*What you are asked to do:*
Copy out exactly the lines from the one containing "this 350×262 image." through the end of the records, and no pictures.

──────────────────────────────

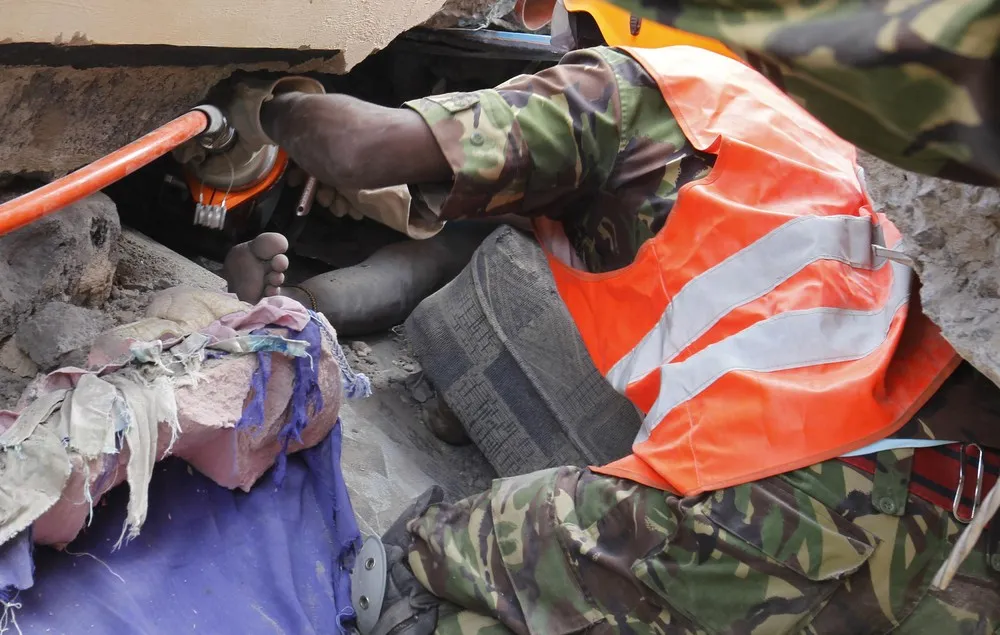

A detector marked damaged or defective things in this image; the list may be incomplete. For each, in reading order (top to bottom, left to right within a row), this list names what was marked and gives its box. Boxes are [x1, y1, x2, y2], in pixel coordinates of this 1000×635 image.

broken concrete [0, 193, 119, 342]
broken concrete [15, 300, 112, 370]
broken concrete [856, 154, 1000, 390]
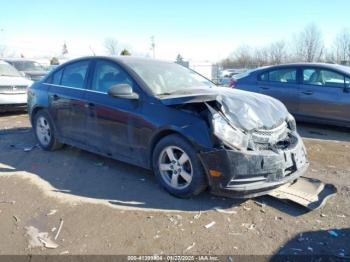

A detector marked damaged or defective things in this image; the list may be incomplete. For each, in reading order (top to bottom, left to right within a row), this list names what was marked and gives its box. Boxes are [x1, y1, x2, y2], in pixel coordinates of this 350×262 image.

damaged black sedan [27, 56, 308, 198]
broken headlight [212, 112, 247, 149]
crushed front bumper [200, 136, 308, 198]
cracked bumper cover [200, 136, 308, 198]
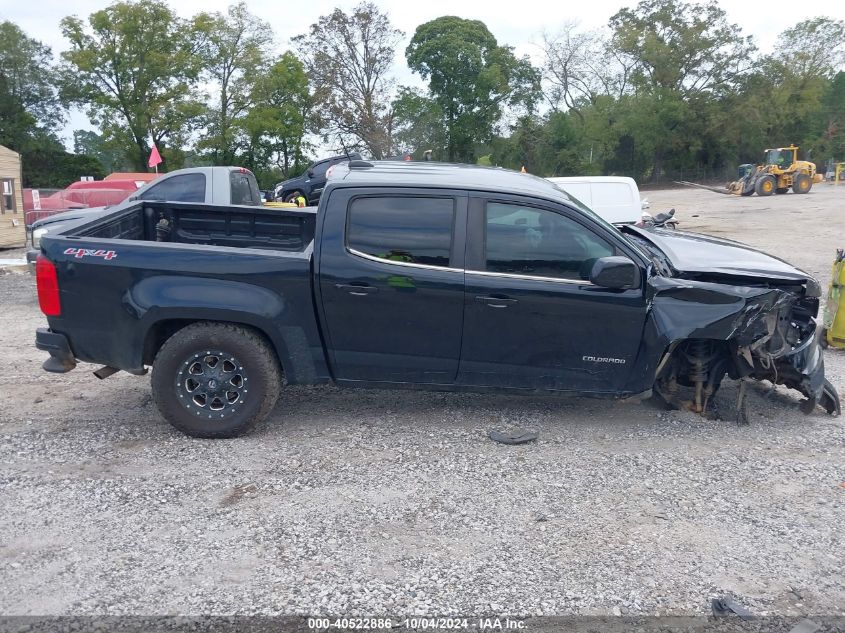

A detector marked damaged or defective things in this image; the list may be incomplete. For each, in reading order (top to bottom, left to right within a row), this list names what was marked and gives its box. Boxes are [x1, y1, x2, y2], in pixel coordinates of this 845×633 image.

damaged black truck [33, 160, 836, 436]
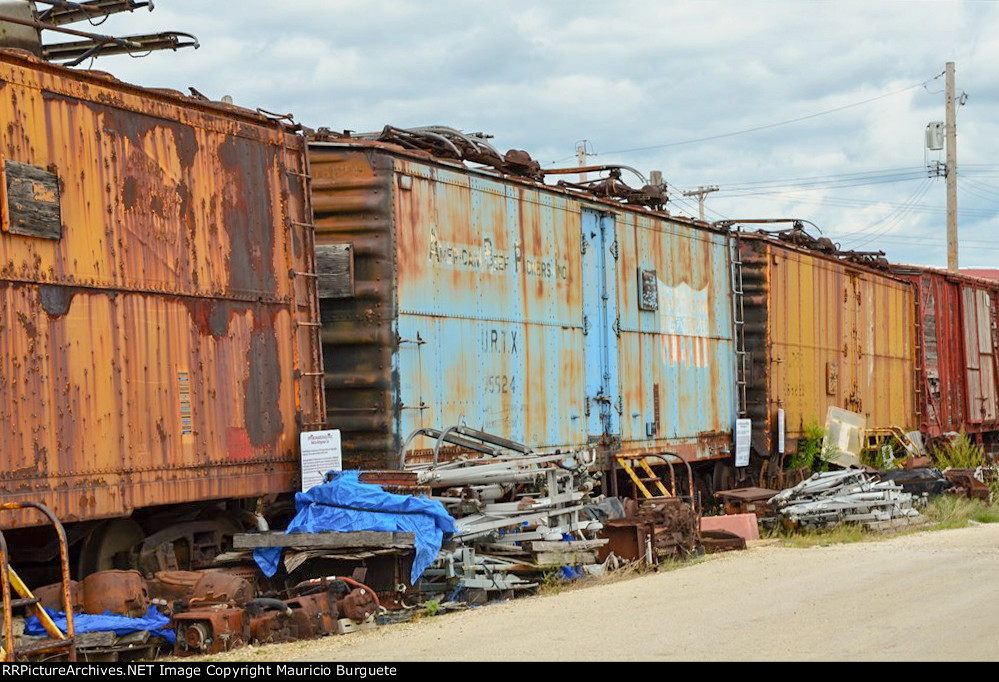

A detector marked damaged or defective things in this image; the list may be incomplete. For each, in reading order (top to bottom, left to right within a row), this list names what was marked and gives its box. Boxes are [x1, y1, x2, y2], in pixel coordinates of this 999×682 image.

corroded metal surface [0, 50, 322, 528]
rusty brown boxcar [0, 49, 324, 568]
rusted orange boxcar [0, 49, 324, 568]
corroded metal surface [308, 141, 740, 470]
rusty brown boxcar [308, 139, 740, 488]
rusty brown boxcar [740, 230, 916, 462]
rusted orange boxcar [740, 230, 916, 462]
corroded metal surface [744, 234, 916, 456]
rusty brown boxcar [892, 262, 999, 444]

──────────────────────────────

*Solution for this exercise:*
A detector marked damaged or defective things in this image; the list may be incomplete. For each, in reading order (top to bottom, left to right within a row), this list names what was marked and gives its box. Boxes are [x1, y1, x2, y2], in pixel coordinates of this 350×262 image.

damaged black sedan [27, 56, 308, 198]
broken headlight [212, 112, 247, 149]
crushed front bumper [200, 136, 308, 198]
cracked bumper cover [200, 136, 308, 198]

A detector marked damaged or defective things in this image; the list may be incomplete. For each, in reading order (top to bottom, left to right within a row), this list names what was marked and gives its box. Boxes are [x1, y1, x2, y2], in pixel coordinates of this 845×633 image.

damaged black truck [33, 160, 836, 436]

A detector marked damaged or defective things in this image; the list may be incomplete. For each, in reading order (top to bottom, left to right within a row), this list names what was marked and gives its box. Boxes are [x1, y1, x2, y2], in pixel coordinates of this 999×682 image.

corroded metal surface [0, 50, 322, 528]
rusty brown boxcar [0, 49, 324, 568]
rusted orange boxcar [0, 49, 324, 568]
corroded metal surface [308, 141, 740, 470]
rusty brown boxcar [308, 139, 740, 488]
rusty brown boxcar [740, 230, 916, 462]
rusted orange boxcar [740, 230, 916, 462]
corroded metal surface [744, 234, 916, 456]
rusty brown boxcar [892, 262, 999, 444]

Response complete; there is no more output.